Quanti guai per il “nuovo” nucleare in Francia e Finlandia
Il “nuovo” nucleare in Francia e Finlandia non smette di accumulare ritardi, ostacoli tecnici, extra costi, dubbi sulla sicurezza e sulla manutenzione dei futuri reattori EPR (European Pressurized Reactor), quelli che il consorzio Areva-Siemens sta costruendo a Flamanville e Olkiluoto.
Partiamo proprio dai guai che stanno rallentando lo sviluppo della centrale finlandese.
Secondo una recentissima nota della compagnia energetica TVO, che gestisce i reattori 1-2 di Olkiluoto realizzati negli anni ’70, l’unità EPR da 1.600 MW di potenza installata (OL3) inizierà a produrre stabilmente energia elettrica a luglio 2020 anziché gennaio di quello stesso anno.
È stato il consorzio Areva-Siemens a comunicare a TVO l’ennesimo posticipo della tabella di marcia per completare l’impianto, poiché i lavori non stanno procedendo al ritmo previsto.
Ora si parla di caricare il combustibile nucleare nel reattore all’inizio del 2020, per poi connettere per la prima volta la nuova unità alla rete elettrica nei 2-3 mesi successivi.
Vedremo se queste saranno le date definitive o se l’entrata in esercizio di Olkiluoto 3 sarà ancora rimandata, com’è stato fatto innumerevoli volte negli ultimi dieci anni: il reattore originariamente avrebbe dovuto cominciare le sue attività nel 2009.
Intanto anche l’unità EPR francese di Flamanville rimane avvolta dalle incognite sulla corretta esecuzione dei lavori.
Ai primi di luglio, il ministro francese dell’Economia, Bruno Le Maire, era andato su tutte le furie a causa delle ripetute interruzioni sul cantiere, tanto da annunciare l’avvio di un’indagine indipendente per capire le ragioni delle difficoltà che stanno affossando la tecnologia EPR di nuova generazione.
Il suo disappunto riguardava, in particolare, l’ennesimo avviso dell’Autorità francese per la sicurezza nucleare (ASN: Autorité de Sûreté Nucléaire), che imponeva a EDF (proprietaria della centrale) di riparare otto saldature difettose riscontrate su alcuni componenti dell’impianto.
L’entrata in funzione del terzo reattore di Flamanville, ricordiamo, era prevista nel 2012; ritardi e problemi hanno fatto lievitare il costo stimato del progetto da circa 3,3 a più di 10 miliardi di euro.
Nonostante tutte le “disgrazie” patite dal nucleare in questi anni, l’Agenzia internazionale dell’energia (IEA) in un rapporto uscito lo scorso maggio ha ripetuto la tesi dell’essenzialità dell’atomo per realizzare un mix elettrico più pulito, in grado di rinunciare all’impiego di fonti fossili.
Una tesi, però, ampiamente criticata da chi sostiene l’idea della transizione energetica verso il 100% di fonti rinnovabili, come il prof.

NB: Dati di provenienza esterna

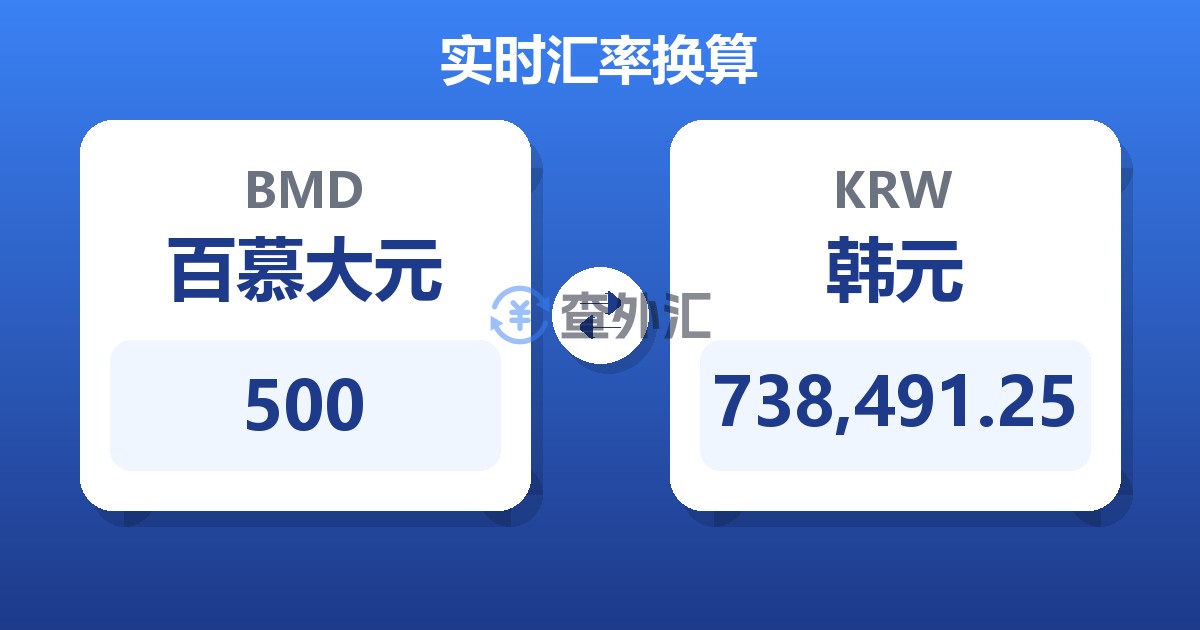500百慕大元兑韩元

Mark Z. Jacobson della Stanford University (vedi qui un suo recente documento sul tema).
Investire nel nucleare è anacronistico, afferma Jacobson, per una serie di motivi: tempi di costruzione lunghissimi, costi molto elevati in confronto alle sempre più competitive risorse rinnovabili (parchi eolici-fotovoltaici), rischi per la sicurezza e per lo smaltimento delle scorie radioattive.
E poi, chiarisce Jacobson, poiché le rinnovabili producono elettricità a costi in continuo calo, non si capisce perché il vuoto lasciato dall’atomo si dovrebbe riempire con il gas o il carbone (come fa intendere la IEA quando parla di un aumento per le emissioni di CO2 con la progressiva perdita di capacità nucleare), piuttosto che con l’eolico, il solare e le batterie per l’accumulo.
Il governo francese, intanto, punta a ridurre al 50% la quota dell’atomo sulla generazione elettrica totale nel 2035 (non più 2025 come inizialmente proposto) chiudendo 4-6 vecchi reattori entro il 2028 secondo le indicazioni della programmazione pluriennale dell’energia pubblicata lo scorso gennaio.
Parigi punta anche a raddoppiare la potenza installata nelle rinnovabili in confronto al livello del 2017, arrivando così a 102-113 GW di capacità cumulativa tra una decina d’anni.